Go through the data below and count every line that has the word "Style". Return only the count.

▼▼▼

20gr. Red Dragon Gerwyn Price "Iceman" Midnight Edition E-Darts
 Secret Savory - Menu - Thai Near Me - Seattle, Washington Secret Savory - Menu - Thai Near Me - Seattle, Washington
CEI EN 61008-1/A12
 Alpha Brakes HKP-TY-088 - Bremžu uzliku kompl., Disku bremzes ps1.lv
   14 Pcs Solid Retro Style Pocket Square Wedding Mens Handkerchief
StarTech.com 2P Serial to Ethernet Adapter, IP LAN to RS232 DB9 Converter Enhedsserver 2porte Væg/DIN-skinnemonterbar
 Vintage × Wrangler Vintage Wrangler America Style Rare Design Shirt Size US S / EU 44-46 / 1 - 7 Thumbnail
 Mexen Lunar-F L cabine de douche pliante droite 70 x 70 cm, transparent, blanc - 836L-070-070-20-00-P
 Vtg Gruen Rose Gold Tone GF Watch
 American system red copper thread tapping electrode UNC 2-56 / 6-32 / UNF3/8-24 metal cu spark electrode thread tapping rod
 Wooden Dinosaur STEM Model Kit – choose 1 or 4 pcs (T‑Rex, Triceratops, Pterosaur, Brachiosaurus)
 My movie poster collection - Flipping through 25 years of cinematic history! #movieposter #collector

▲▲▲

Answer to this problem.
2